Stroke Survivors In The U.S. Might Be Getting Less Healthy
A study suggests that stroke survivors are doing well at controlling their cholesterol and blood pressure than a generation ago, but a mounting number presently has poor exercise and eating habits that bear a risk of repeat strokes. To reduce the risk of one more stroke, the AHA (American Heart Association) suggests seven important things such as getting regular exercise, not smoking, keeping cholesterol, blood pressure, and blood sugar in check, maintaining a healthy weight, and consuming a diet rich in fruits, vegetables, whole grains, and lean protein with limited fats and sweets.
For the research, scientists tracked 1,597 stroke survivors who partake in nationwide health polls from 1988–2014. During this time, the percentage of stroke survivors who accomplished not a single recommendation from mentioned above raised from 18% to 34%. Dr. Amytis Towfighi—Senior Study Author working at the USC Medical Center in California—stated that notably, we discovered that treatment of cholesterol, blood pressure, and blood sugar has advanced with time.” Towfighi further said, “Moreover, we also found that physical activity has decreased, obesity has increased, and diet has got poorer. These findings recommend that we are enhancing the controlling risk aspects that can be healed with medications, but we are not able to change lifestyle habits that are tougher to control as they involve behavioral changes.”

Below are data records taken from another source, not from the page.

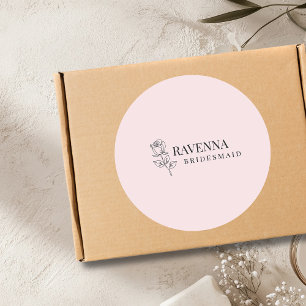 Pegatina Redonda Arte de Línea de Rosa Rosa Luxe con Nombre Persona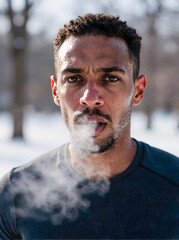 man running in winter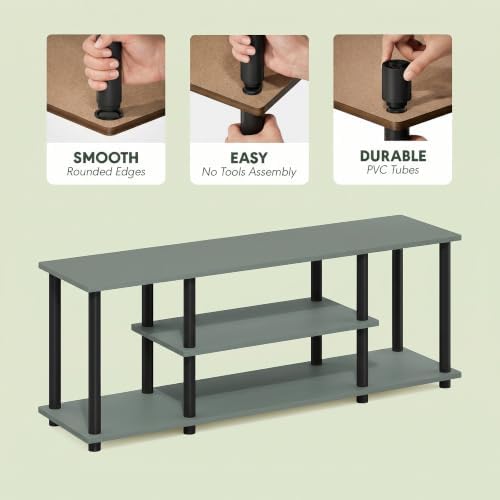 Furinno Turn-N-Tube 3-Tier Toolless Assembly TV Stand, Sage Green - Image 6
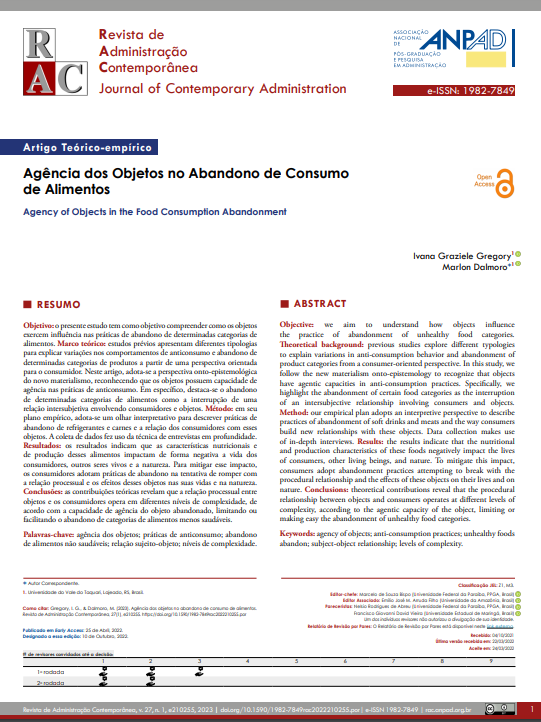 Agência dos Objetos no Abandono de Consumo de Alimentos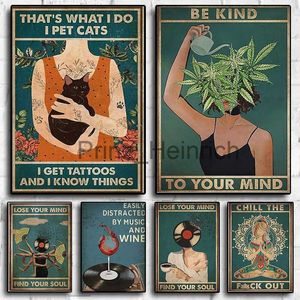 Fondos de pantalla Música Lose You Mind Find You Soul Quotes Poster Estética Mujeres Yoga Flower Girl Cat Vintage Canvas Wall Art Mural Room Decor J230704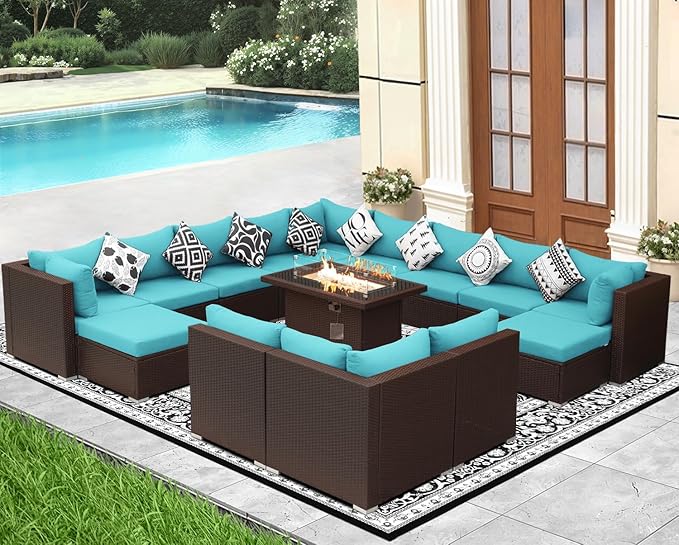 NICESOUL 15 Piece Outdoor Sectional with Fire Pit Table, Modern Luxury Patio Deep Seating w/Firepit, 29.3'' High-Back Wicker Couch Thick, Big High-Weight Capacity Sofa for Garden, Yard, Brown & Teal
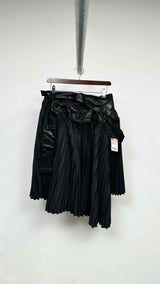 Junya Watanabe Leather-waist Asymmetrical Pleated Skirt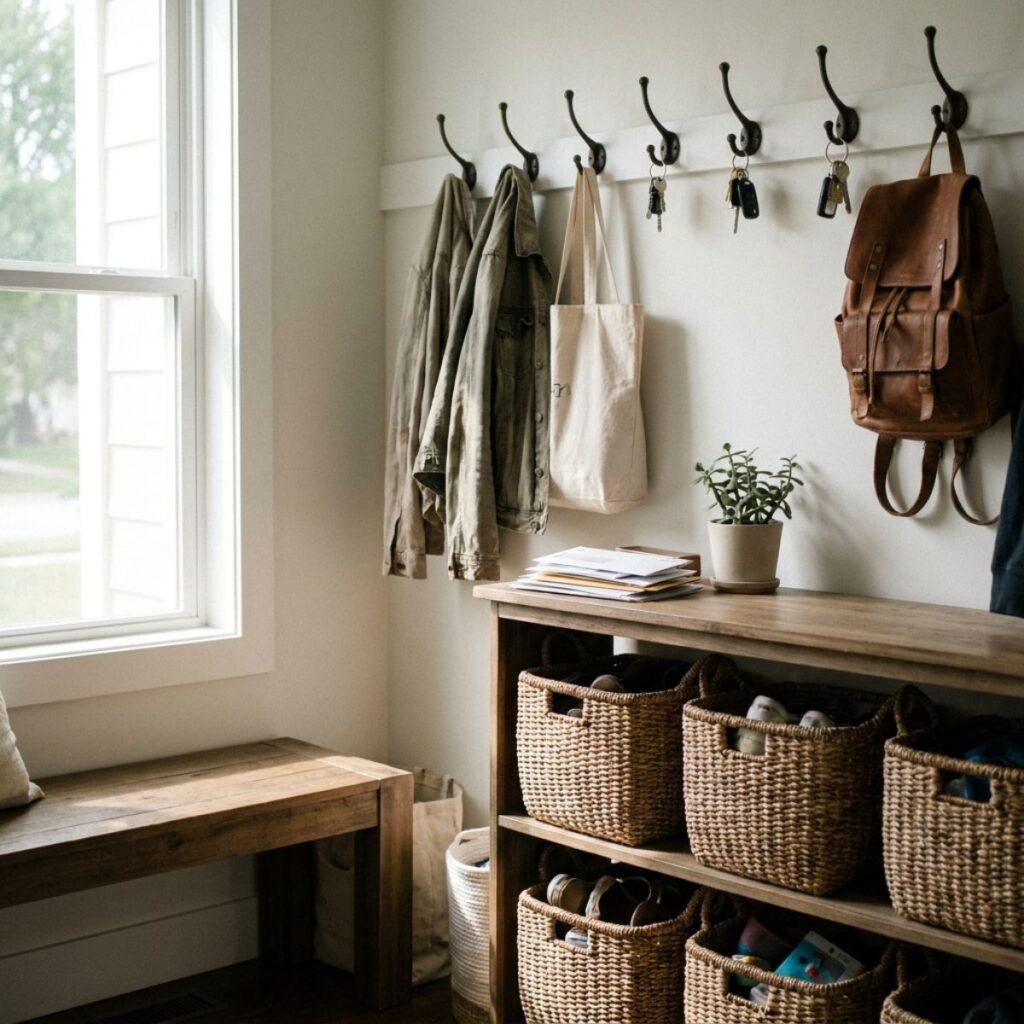 Wall hooks with coats, bags, and organized entry storage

On a similar note, recently, the AHA stated that unstable personal income might be linked with a surged heart disease risk. A sudden and unpredictable decline in personal income in young adulthood is correlated with increased jeopardy of developing heart disease or dying from any cause, as per recent research in the AHA’s journal Circulation. In the U.S., the latest surge in income dissimilarity recommends that a larger percentage of the population faces economic difficulties and poverty. In addition, while most people go through some income change, income instability has been on the climb and has attained a record high level ever since 1980.